* EXERCISE REQUIREMENTS: The output should be the listing below, limited to the lines from the one with "KL77LHEPXSC139271: 43436728" through the one with "Used 2014 AT", exact and without pictures.

* MATERIAL SUPPLIED:
<<<<

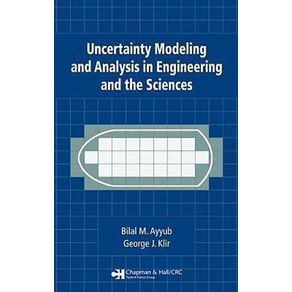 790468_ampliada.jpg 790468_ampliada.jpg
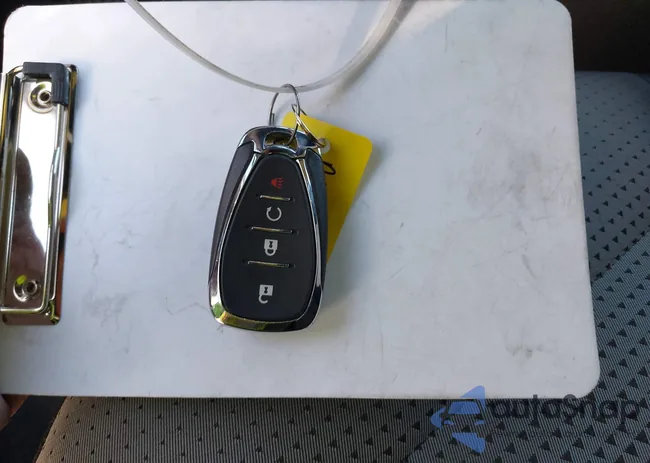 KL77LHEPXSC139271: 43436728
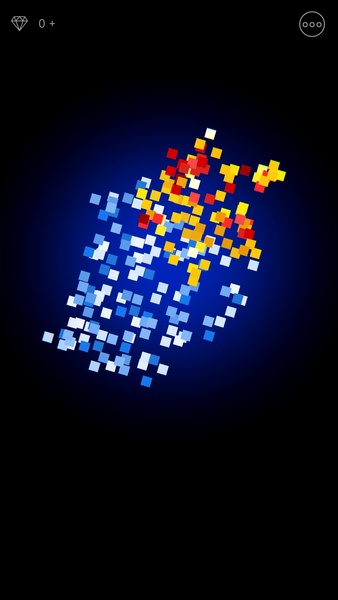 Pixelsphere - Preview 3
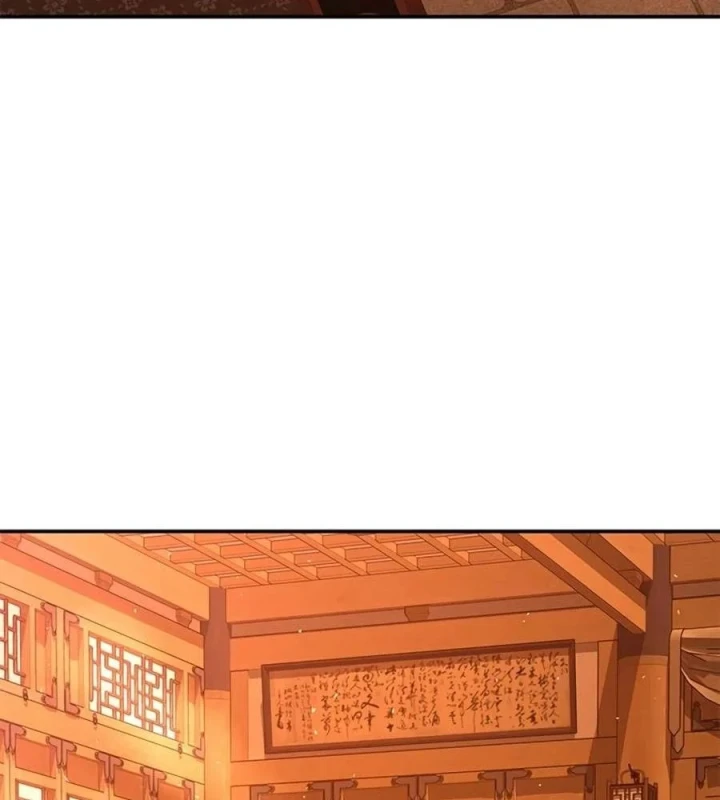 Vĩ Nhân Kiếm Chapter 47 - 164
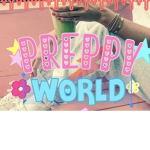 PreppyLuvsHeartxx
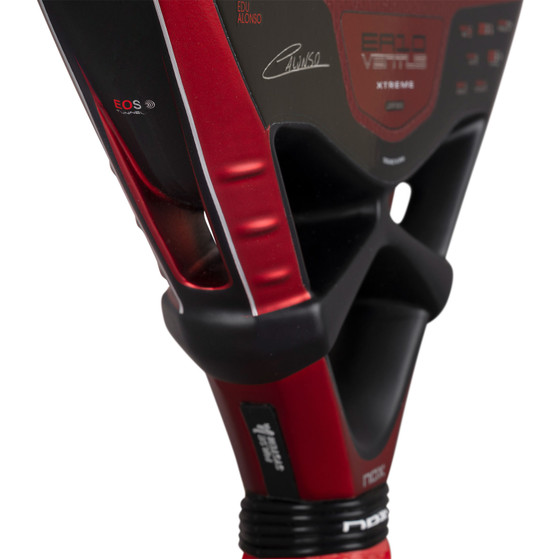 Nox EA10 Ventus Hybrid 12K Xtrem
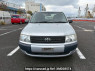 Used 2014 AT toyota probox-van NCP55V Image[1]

>>>>
<<<<

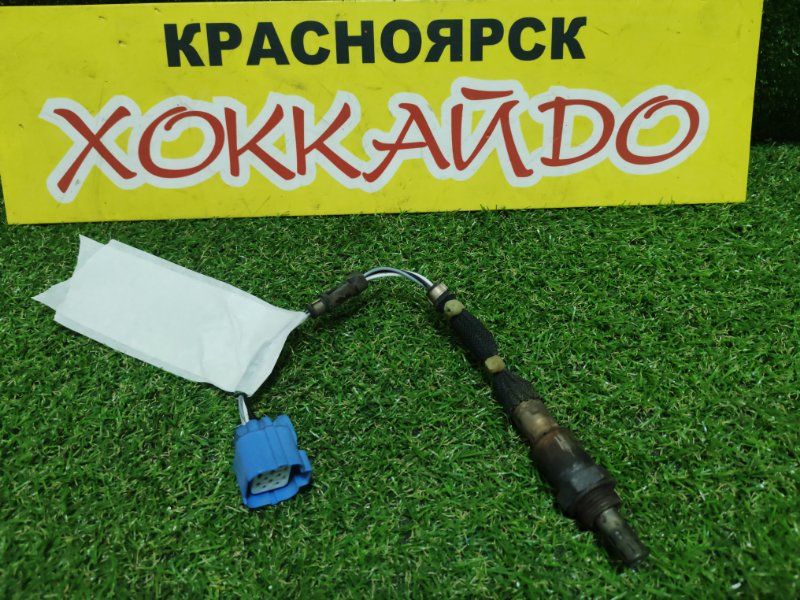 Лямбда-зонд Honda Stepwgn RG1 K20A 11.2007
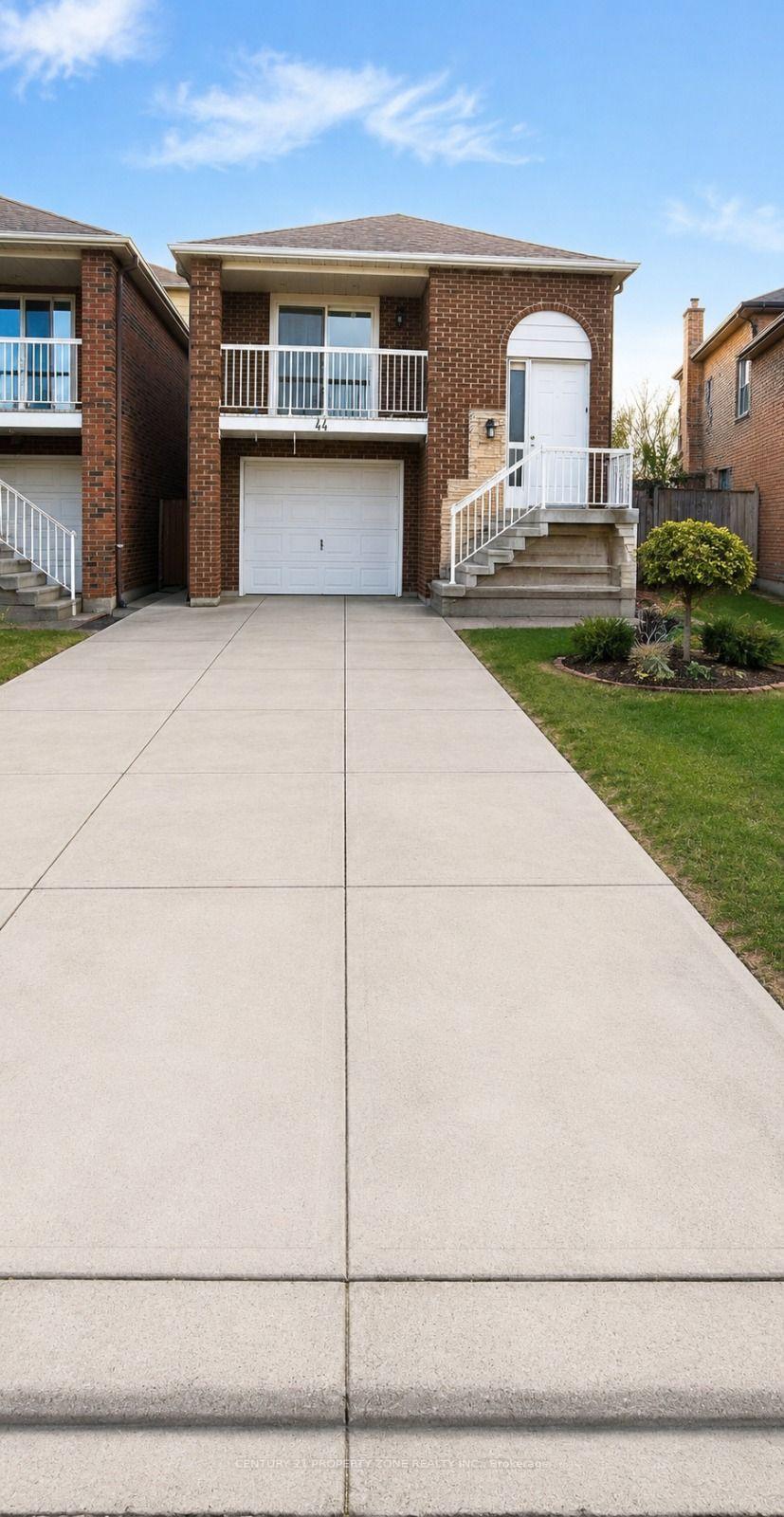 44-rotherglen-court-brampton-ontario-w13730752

>>>>
<<<<

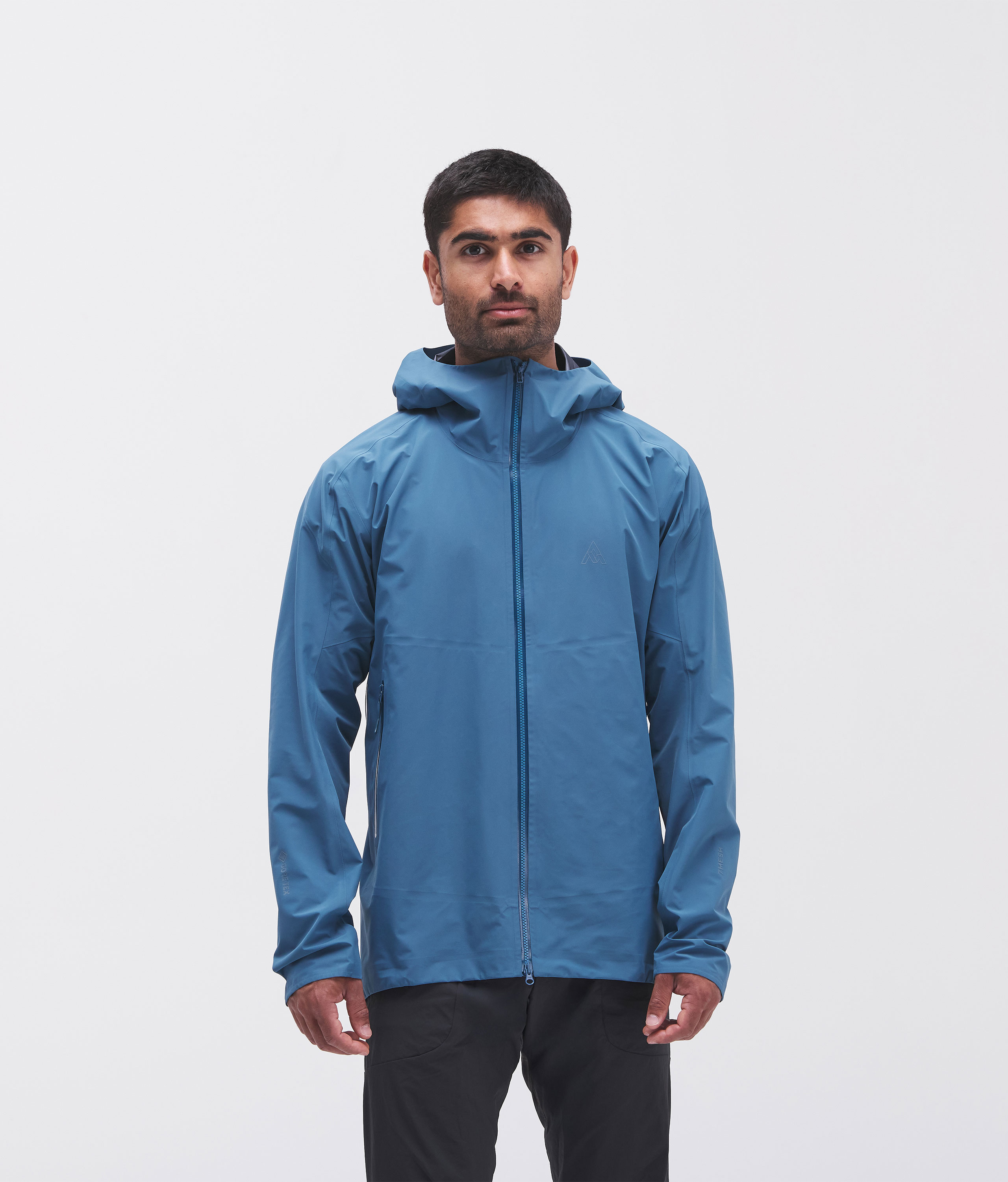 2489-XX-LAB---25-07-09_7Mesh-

>>>>

* THE COMPLETED TASK:
 KL77LHEPXSC139271: 43436728
 Pixelsphere - Preview 3
 Vĩ Nhân Kiếm Chapter 47 - 164
 PreppyLuvsHeartxx
 Nox EA10 Ventus Hybrid 12K Xtrem
 Used 2014 AT toyota probox-van NCP55V Image[1]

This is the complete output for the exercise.